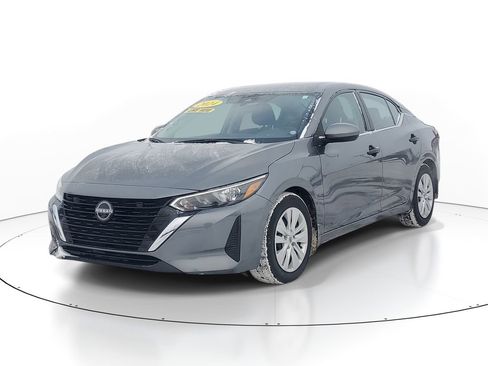 Used 2024 Nissan Sentra S image 2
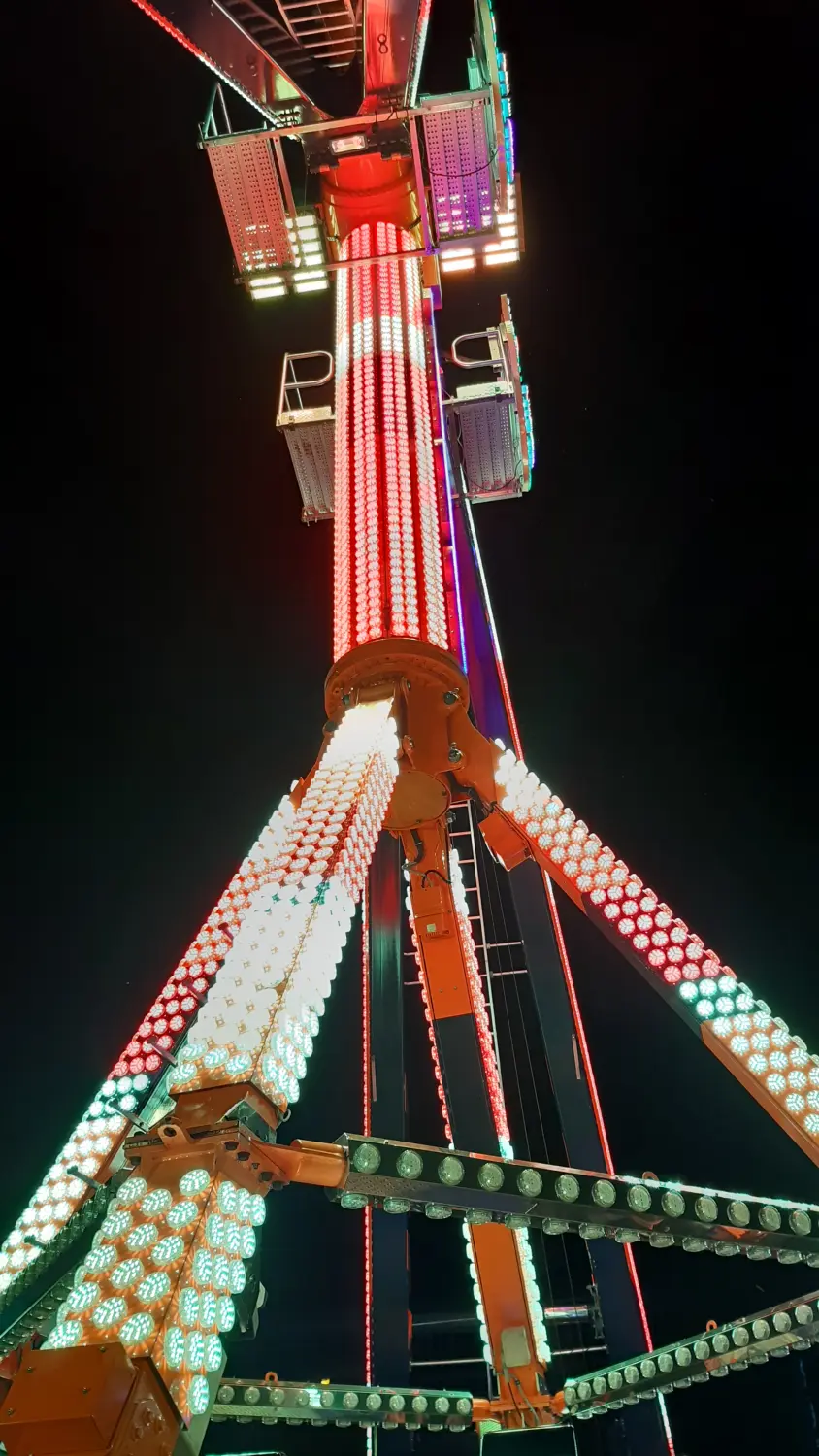 Schaustellerbetrieb Kurt Meisel Junior - „Air Force“ große Schaukel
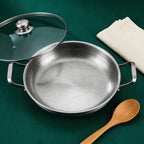 Titanpfanne mit Doppelgriff 30 cm – handgehämmert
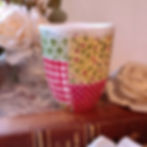 Miniature : Mug peint à la main : "Patchwork de fraises"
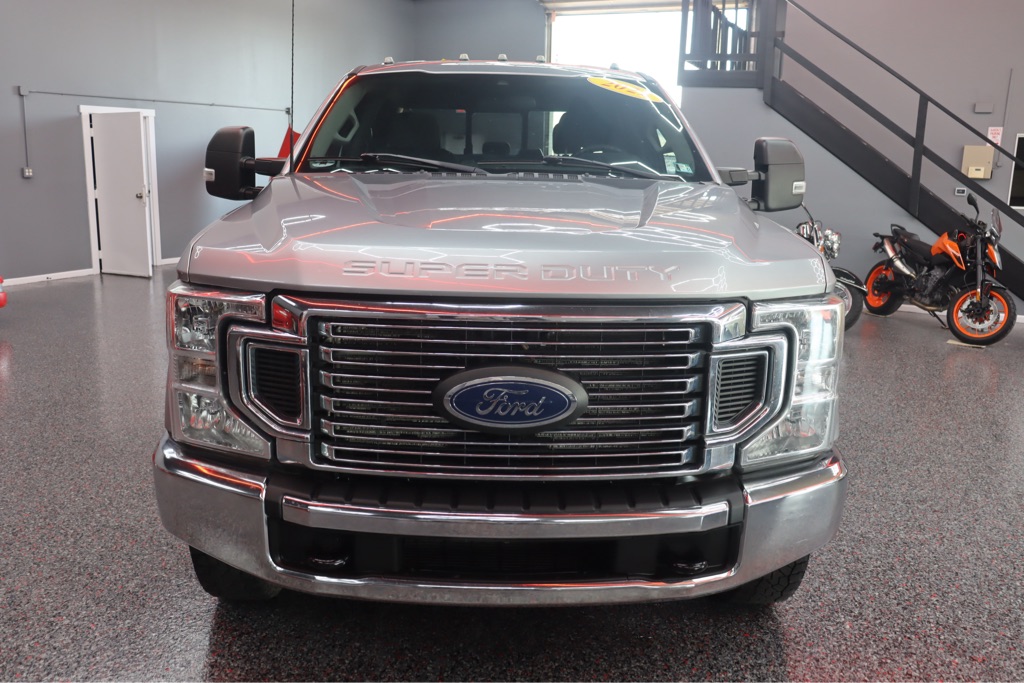 Photo 8 of this FORD F350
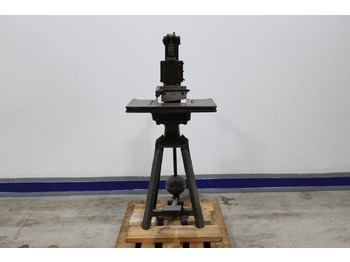 Paper cutting machine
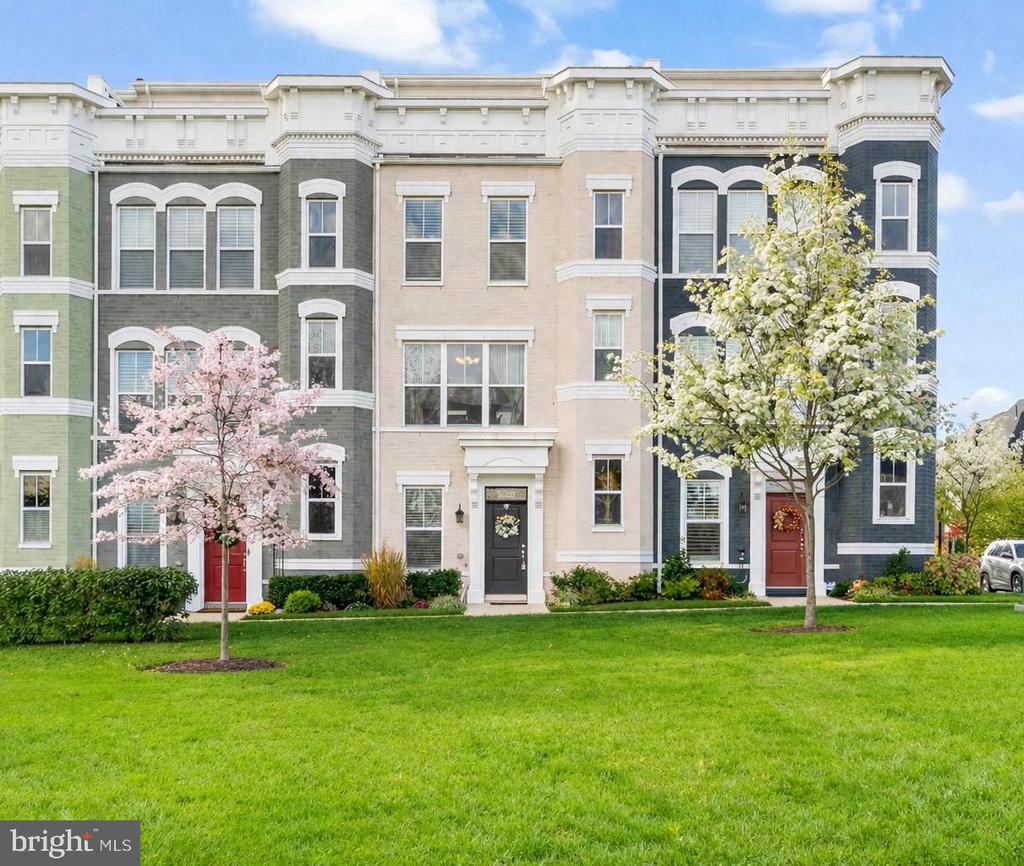 822 LINDLEY ROAD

> [Your assignment]: Restate word for word only the lines from the one with "Miniature : Mug peint" through the last line of the material, both included. Any picture should be left out.

> [Solution for this exercise]:
 Miniature : Mug peint à la main : "Patchwork de fraises"
 Photo 8 of this FORD F350
 Paper cutting machine
 822 LINDLEY ROAD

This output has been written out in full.